━━ Supplied material

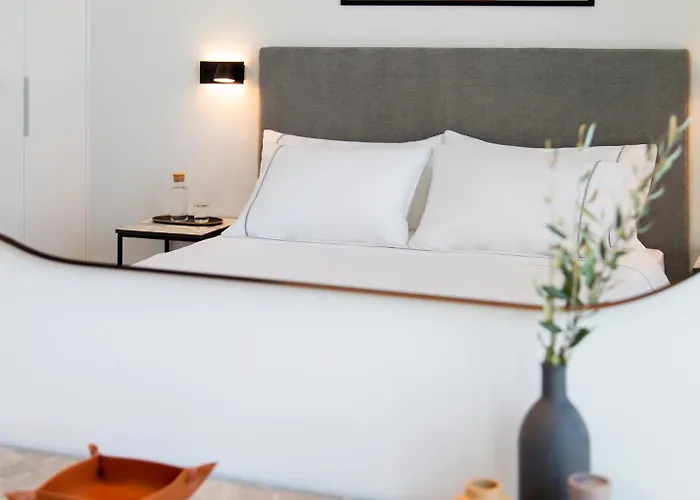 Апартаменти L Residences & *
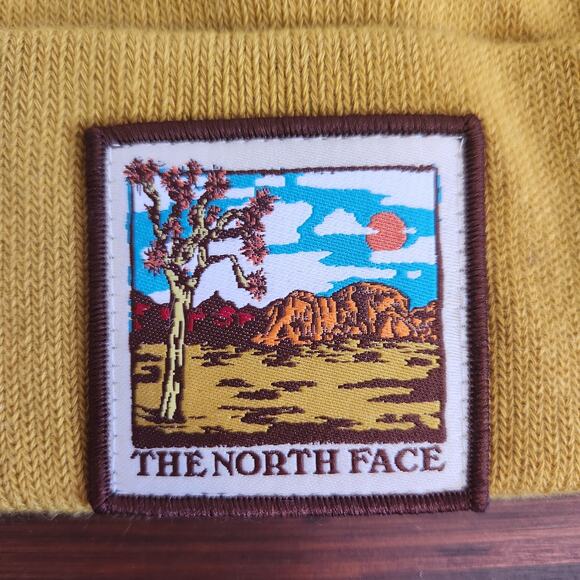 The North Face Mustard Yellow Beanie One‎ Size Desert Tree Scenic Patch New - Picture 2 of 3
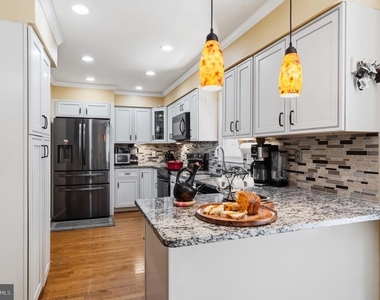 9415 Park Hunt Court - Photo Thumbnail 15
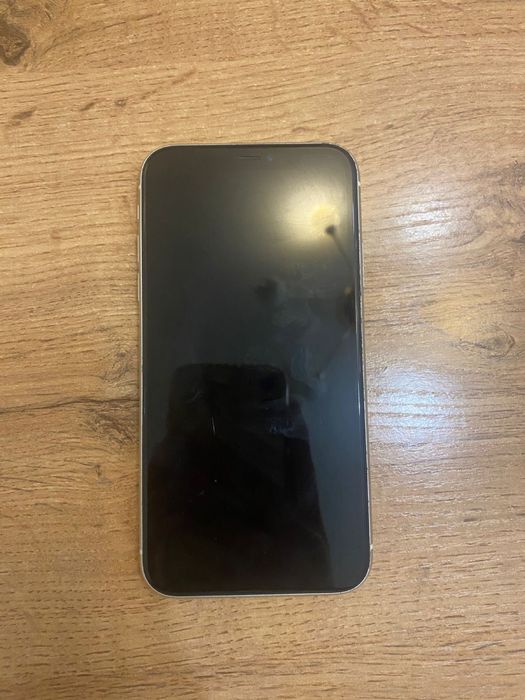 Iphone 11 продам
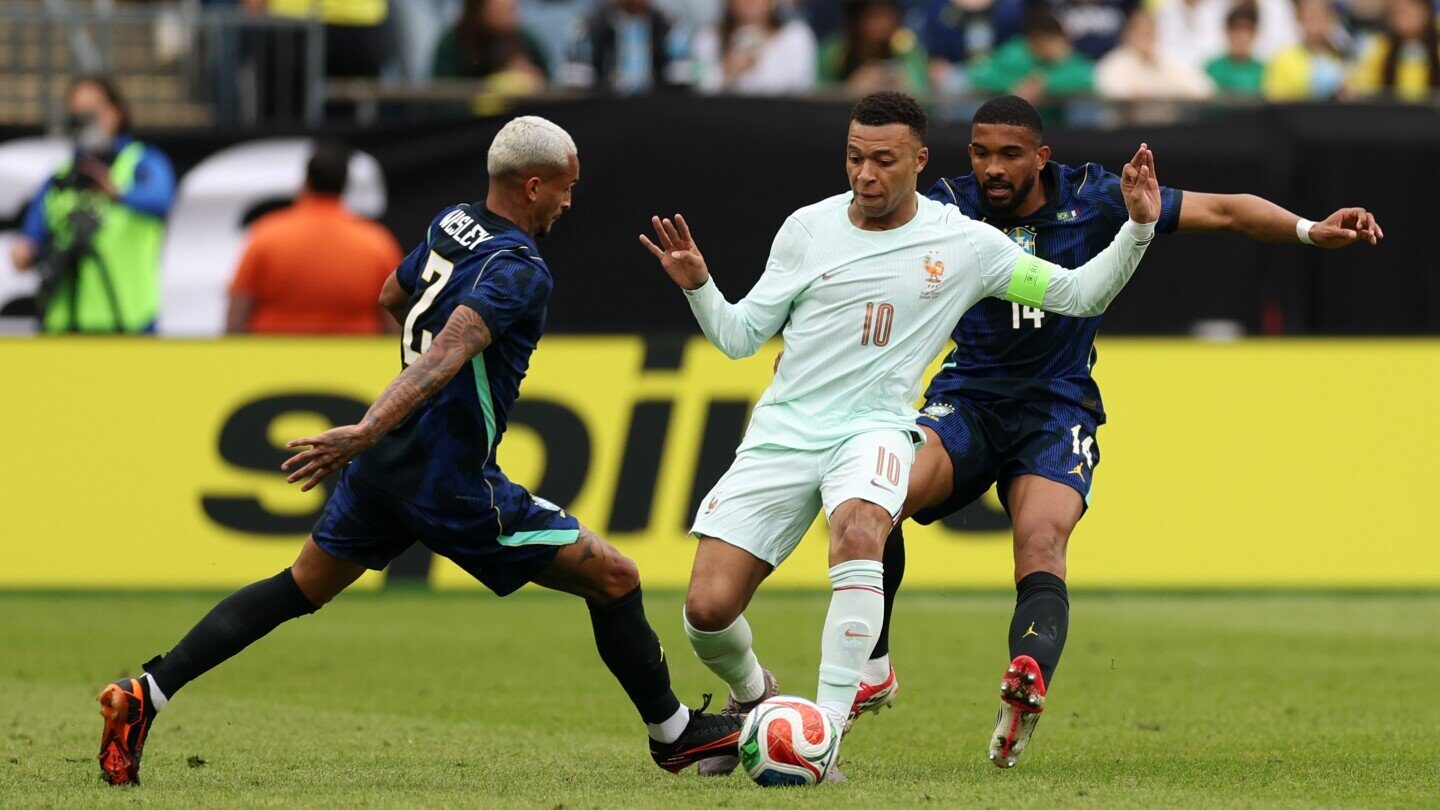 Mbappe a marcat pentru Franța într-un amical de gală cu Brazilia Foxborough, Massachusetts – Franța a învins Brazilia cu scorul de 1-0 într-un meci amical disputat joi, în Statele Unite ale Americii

━━━━

Give back the lines from the one containing "9415 Park Hunt Court - Photo Thumbnail 15" through the last line of the records above exactly as they appear, both included, and no pictures.

 9415 Park Hunt Court - Photo Thumbnail 15
 Iphone 11 продам
 Mbappe a marcat pentru Franța într-un amical de gală cu Brazilia Foxborough, Massachusetts – Franța a învins Brazilia cu scorul de 1-0 într-un meci amical disputat joi, în Statele Unite ale Americii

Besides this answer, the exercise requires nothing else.